A probability transformation is a statistical procedure used to modify a set of numbers to conform to a desired probability distribution function.
To perform a probability transformation, HOMER first calculates the cumulative distribution function of the original set of data, or the original CDF. Then, for each original data point, HOMER performs the following steps:
1.HOMER uses the original CDF to calculate the percentile value corresponding to that original data point.
2.HOMER uses the desired CDF to calculate the transformed value corresponding to that same percentile value.
For example, when synthesizing wind speed data, HOMER transforms a set of data that conforms to a normal distribution to one that conforms to a Weibull distribution, as described below.
If the normally-distributed data has a mean of zero and a standard deviation of 1, its probability distribution function appears as shown below.
Its cumulative distribution function, the original CDF, appears as shown below.

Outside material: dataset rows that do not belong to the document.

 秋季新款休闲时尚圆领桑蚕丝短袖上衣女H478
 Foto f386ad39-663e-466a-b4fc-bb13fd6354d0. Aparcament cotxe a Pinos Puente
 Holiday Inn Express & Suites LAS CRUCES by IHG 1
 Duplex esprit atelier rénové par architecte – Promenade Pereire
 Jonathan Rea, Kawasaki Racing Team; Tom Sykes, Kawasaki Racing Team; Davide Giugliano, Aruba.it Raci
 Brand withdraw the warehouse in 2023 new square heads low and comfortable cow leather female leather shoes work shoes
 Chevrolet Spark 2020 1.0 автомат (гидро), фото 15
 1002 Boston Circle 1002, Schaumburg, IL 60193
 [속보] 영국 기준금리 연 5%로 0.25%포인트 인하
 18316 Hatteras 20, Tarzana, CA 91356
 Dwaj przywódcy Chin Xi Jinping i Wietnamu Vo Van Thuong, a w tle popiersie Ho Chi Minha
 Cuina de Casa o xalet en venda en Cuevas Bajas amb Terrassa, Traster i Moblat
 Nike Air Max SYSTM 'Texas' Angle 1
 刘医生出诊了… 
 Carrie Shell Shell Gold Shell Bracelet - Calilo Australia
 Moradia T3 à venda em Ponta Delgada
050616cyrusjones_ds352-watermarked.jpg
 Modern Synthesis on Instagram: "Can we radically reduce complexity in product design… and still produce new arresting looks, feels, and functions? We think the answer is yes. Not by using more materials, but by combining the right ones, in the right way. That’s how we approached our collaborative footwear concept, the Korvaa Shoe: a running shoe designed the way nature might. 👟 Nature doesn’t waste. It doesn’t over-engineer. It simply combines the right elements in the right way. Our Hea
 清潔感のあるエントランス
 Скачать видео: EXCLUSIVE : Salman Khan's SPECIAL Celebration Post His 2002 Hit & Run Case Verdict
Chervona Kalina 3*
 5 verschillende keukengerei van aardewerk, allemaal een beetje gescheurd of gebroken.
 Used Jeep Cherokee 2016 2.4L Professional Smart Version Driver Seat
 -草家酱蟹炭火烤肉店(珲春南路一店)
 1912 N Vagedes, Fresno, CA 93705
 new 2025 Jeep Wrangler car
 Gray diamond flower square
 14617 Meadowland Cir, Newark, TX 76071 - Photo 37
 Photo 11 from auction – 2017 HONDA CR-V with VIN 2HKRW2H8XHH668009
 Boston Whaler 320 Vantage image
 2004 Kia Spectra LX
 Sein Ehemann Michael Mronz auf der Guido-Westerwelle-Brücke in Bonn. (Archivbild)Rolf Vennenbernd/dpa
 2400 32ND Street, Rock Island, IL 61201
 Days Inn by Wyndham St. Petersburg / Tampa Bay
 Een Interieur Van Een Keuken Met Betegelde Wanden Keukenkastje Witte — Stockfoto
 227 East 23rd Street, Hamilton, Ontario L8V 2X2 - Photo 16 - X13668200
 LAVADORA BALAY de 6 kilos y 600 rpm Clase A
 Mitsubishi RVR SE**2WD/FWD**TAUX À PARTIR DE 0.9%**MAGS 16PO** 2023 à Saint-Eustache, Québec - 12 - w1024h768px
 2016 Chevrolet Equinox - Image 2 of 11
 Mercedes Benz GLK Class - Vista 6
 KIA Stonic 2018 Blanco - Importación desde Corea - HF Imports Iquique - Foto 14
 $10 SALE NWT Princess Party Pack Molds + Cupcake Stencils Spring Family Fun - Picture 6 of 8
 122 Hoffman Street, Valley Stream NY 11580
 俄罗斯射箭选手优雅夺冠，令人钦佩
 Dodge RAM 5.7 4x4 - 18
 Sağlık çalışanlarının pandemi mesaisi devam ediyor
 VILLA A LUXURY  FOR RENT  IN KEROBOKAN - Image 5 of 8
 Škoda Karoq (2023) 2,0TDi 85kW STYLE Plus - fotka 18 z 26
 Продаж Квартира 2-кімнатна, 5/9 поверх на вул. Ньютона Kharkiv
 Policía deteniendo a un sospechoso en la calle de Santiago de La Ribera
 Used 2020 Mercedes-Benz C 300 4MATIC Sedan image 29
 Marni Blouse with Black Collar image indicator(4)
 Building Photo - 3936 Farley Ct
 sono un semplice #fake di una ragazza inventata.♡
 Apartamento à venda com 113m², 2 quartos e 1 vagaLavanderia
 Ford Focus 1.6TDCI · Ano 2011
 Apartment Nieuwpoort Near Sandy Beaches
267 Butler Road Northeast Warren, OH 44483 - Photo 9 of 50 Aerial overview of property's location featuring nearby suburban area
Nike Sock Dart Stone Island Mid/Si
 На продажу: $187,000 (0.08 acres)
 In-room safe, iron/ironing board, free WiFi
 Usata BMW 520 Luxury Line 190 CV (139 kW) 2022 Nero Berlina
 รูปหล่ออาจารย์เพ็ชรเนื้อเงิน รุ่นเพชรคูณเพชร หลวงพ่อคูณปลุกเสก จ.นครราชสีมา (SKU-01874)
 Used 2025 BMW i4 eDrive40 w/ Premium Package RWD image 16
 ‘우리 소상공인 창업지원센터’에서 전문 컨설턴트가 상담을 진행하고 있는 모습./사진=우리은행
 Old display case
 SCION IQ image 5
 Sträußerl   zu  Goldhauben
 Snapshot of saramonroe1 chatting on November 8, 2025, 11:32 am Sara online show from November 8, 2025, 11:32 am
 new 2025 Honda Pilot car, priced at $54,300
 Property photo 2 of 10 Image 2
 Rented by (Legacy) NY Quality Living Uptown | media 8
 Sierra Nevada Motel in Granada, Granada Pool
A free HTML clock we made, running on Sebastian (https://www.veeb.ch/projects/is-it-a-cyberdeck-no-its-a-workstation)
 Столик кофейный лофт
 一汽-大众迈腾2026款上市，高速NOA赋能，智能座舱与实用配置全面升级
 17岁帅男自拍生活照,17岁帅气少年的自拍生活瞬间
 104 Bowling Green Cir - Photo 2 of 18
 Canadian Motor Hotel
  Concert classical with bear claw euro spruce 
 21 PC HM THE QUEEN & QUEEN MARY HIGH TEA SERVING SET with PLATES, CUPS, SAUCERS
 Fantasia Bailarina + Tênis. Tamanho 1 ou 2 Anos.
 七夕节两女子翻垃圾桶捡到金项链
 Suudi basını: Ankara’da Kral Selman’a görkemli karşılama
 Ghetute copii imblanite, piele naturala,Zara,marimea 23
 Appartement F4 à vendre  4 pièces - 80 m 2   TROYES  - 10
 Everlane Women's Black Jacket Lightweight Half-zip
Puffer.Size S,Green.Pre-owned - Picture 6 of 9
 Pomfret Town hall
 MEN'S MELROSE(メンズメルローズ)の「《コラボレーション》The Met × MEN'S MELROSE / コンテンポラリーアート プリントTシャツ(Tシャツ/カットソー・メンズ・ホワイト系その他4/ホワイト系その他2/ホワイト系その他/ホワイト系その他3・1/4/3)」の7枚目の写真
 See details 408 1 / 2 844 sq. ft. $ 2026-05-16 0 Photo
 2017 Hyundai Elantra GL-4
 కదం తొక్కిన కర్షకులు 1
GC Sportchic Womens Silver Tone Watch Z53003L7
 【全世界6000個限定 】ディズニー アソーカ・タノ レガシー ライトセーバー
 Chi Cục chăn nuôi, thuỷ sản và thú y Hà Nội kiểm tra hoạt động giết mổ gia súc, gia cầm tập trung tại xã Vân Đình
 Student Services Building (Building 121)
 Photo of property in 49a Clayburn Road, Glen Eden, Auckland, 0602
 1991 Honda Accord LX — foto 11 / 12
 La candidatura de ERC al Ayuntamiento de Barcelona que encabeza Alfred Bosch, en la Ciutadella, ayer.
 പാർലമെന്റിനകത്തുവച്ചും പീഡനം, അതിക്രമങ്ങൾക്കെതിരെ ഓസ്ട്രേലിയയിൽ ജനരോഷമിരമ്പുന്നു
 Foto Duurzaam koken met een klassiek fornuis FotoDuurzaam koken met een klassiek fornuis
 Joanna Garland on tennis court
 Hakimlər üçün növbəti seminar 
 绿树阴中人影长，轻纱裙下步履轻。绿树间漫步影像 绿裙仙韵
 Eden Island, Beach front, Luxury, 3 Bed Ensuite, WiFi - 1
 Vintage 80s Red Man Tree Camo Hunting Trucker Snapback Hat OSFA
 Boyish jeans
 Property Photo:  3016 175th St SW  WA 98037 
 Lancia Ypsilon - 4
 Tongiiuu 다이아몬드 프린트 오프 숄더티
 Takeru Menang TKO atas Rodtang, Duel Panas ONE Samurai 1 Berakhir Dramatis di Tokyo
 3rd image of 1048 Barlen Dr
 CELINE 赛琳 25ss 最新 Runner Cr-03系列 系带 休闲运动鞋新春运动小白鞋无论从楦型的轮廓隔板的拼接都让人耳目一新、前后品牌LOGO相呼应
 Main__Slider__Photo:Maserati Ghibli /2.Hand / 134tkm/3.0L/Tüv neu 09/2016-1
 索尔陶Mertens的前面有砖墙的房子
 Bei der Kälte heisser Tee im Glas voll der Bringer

When the data is transformed to fit a Weibull distribution with a mean value of 6 and a Weibull k value of 2, the desired probability distribution function appears as shown below.
The desired cumulative distribution function, or desired CDF, appears as shown below.
To transform each value in the original data set, HOMER uses the original CDF to find its corresponding y-value, then uses that y-value for the desired CDF and find its corresponding x-value.
An original value of zero, for example, corresponds to a CDF value of 0.5 on the original CDF. For the desired CDF, the value corresponding to a CDF value of 0.5 is approximately 5. So any zero value in the original data set is transformed into a value of 5 in the transformed data set. Similarly, an original value of -1 is transformed to a value of approximately 2.5, and an original value of 1.5 is transformed to a value of approximately 10.
This example transforms data from a normal distribution to a Weibull distribution, but with this same probability transformation approach, we can transform data from any distribution to any other distribution.